■ **The task**
From the first line down to the one containing "Casa para Venda", reproduce the entries below exactly and leave out the pictures.

■ **Extracted data entries**

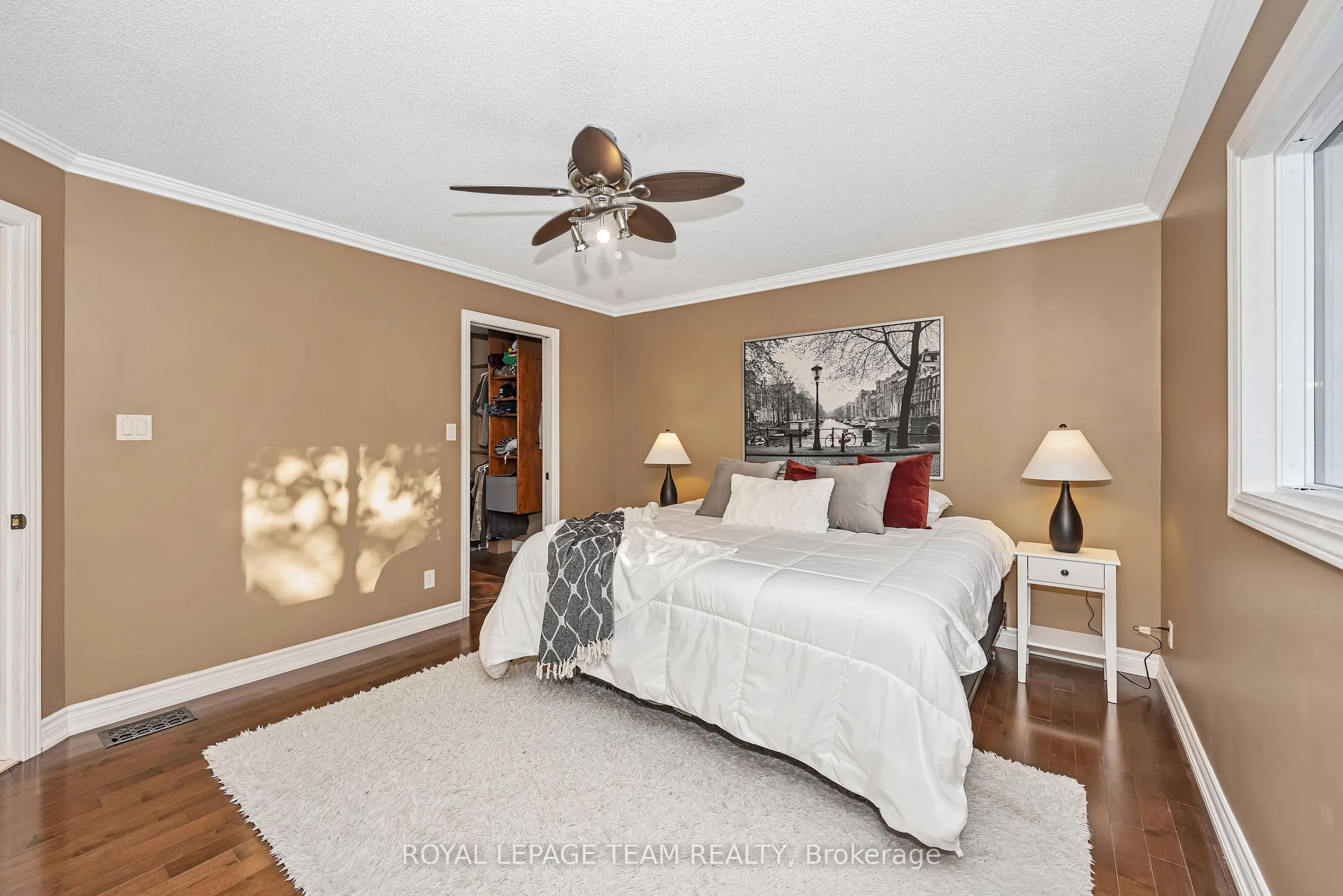 1115 Des Cerisiers Street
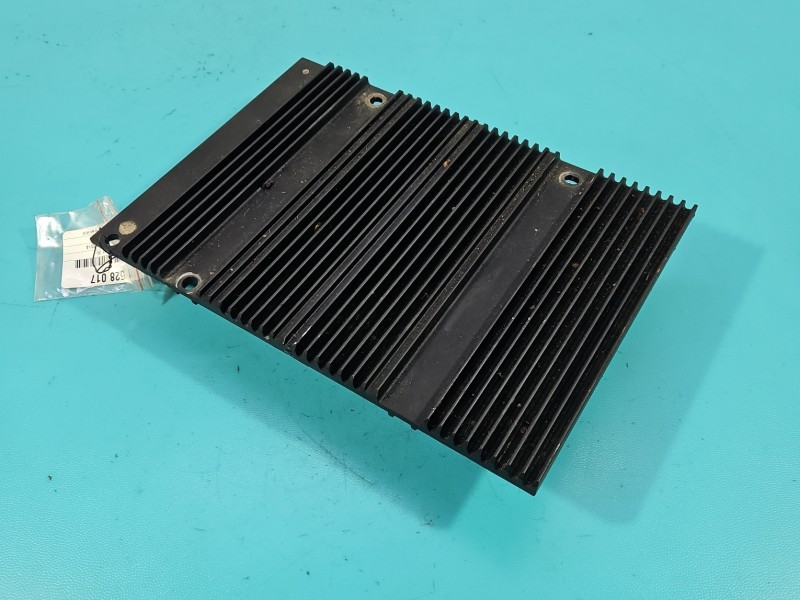 Wzmacniacz Volvo XC90 I 02-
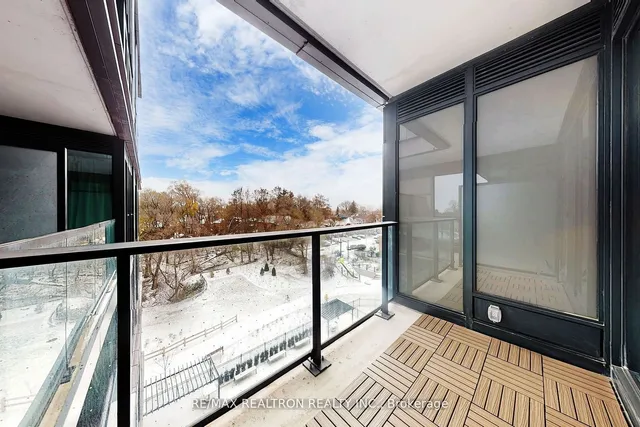 Additional property image - 250 Lawrence Ave Unit 501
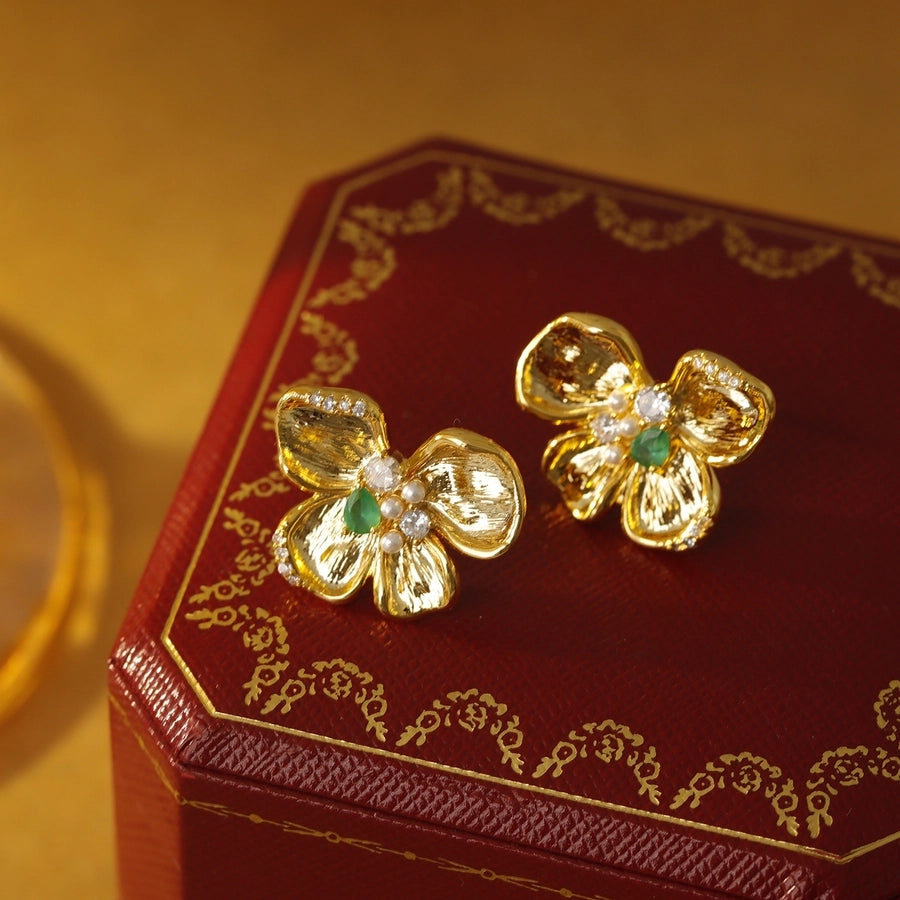 1 Pair Luxurious Vacation Sweet Flower Inlay Carving Copper Crystal Zircon 18K Gold Plated Ear Studs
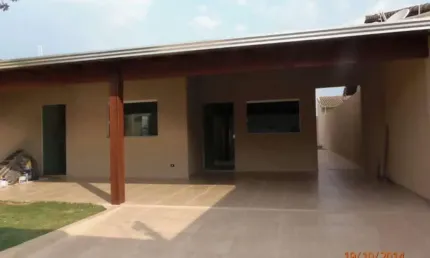 Casa para Venda em Uberlândia, Shopping Park, 3 dormitórios, 1 suíte, 2 banheiros, 2 vagas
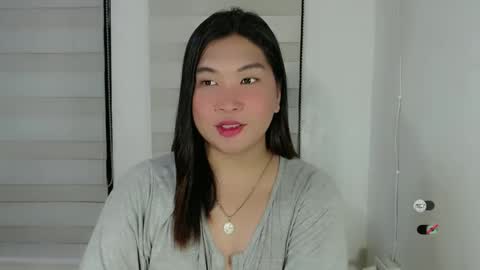 Snapshot of clairewntr_ chatting on 03/04/25, 03:48 CLAIRE online show from 03/04/25, 03:48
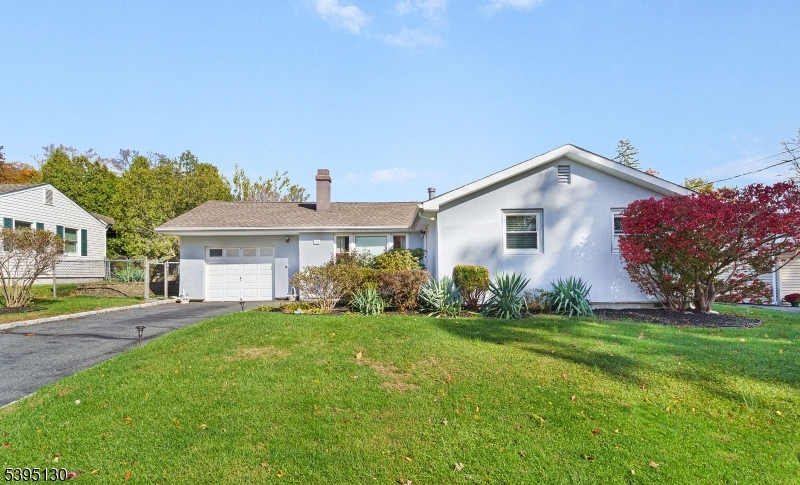 Denville Twp., NJ 07834,20 Dogwood Dr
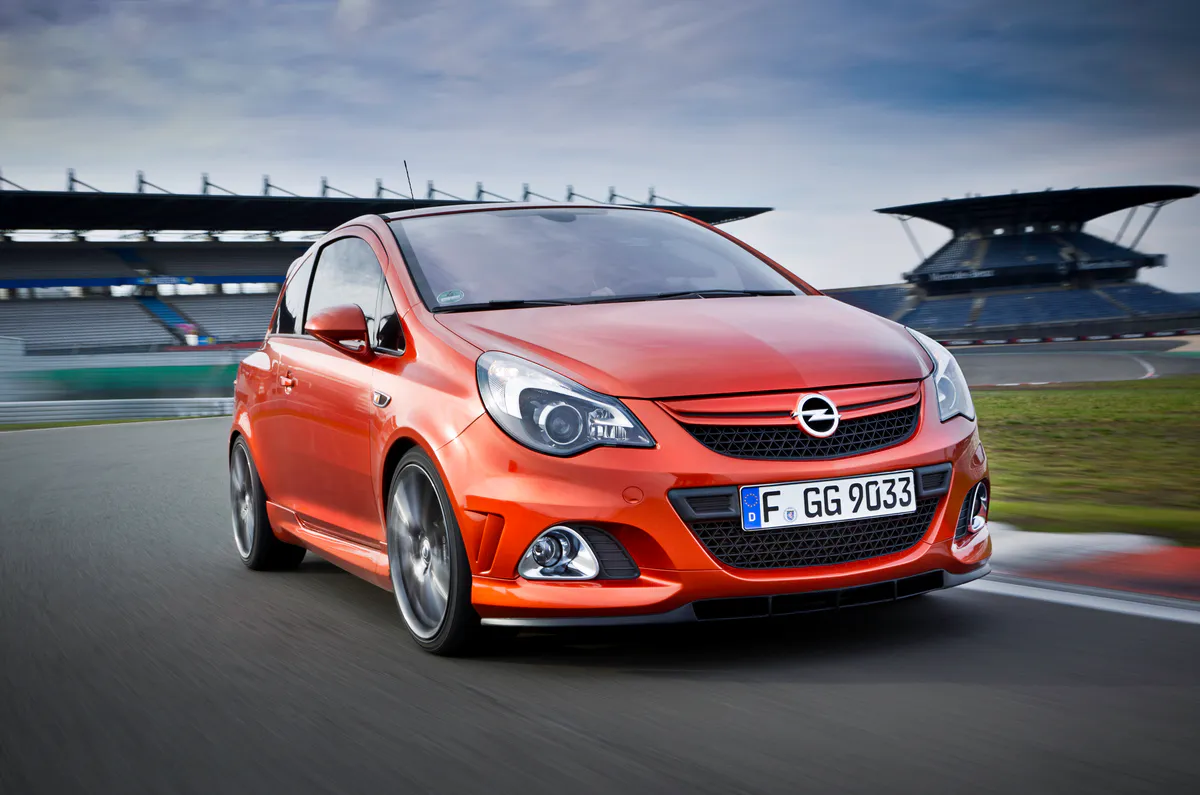 opel-corsa-opc-nurburgring-edition-sport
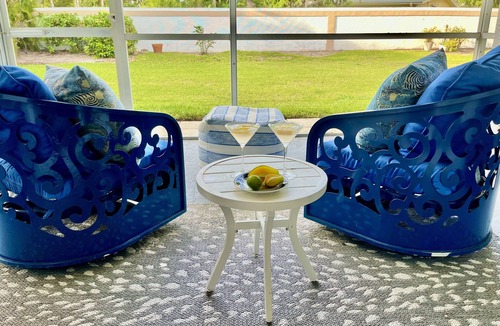 Park Shore Villa | Park Shore Naples 3 bed 2.5 bath Villa near beach!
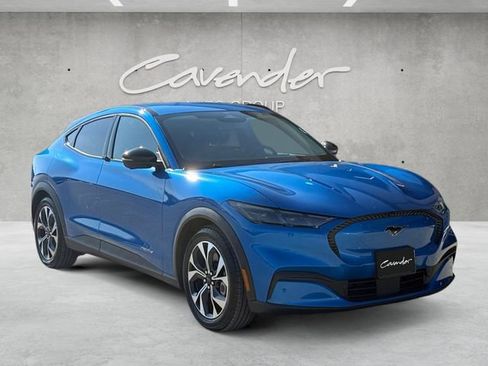 Used 2025 Ford Mustang Mach-E Select w/ Comfort Package Lite image 2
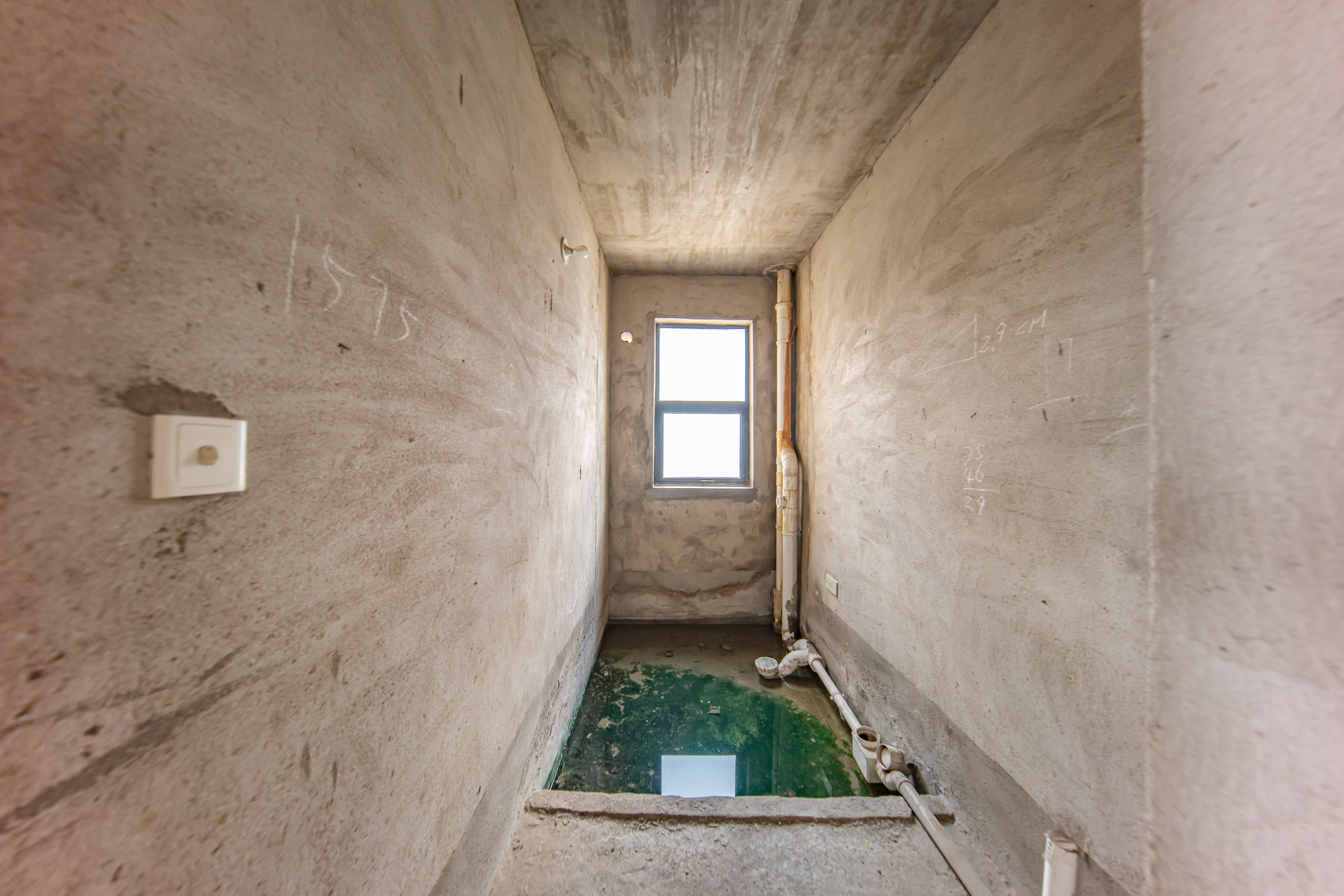 中建麓山和苑  3室2厅1卫    49.8万卫生间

■ **Output**
 1115 Des Cerisiers Street
 Wzmacniacz Volvo XC90 I 02-
 Additional property image - 250 Lawrence Ave Unit 501
 1 Pair Luxurious Vacation Sweet Flower Inlay Carving Copper Crystal Zircon 18K Gold Plated Ear Studs
 Casa para Venda em Uberlândia, Shopping Park, 3 dormitórios, 1 suíte, 2 banheiros, 2 vagas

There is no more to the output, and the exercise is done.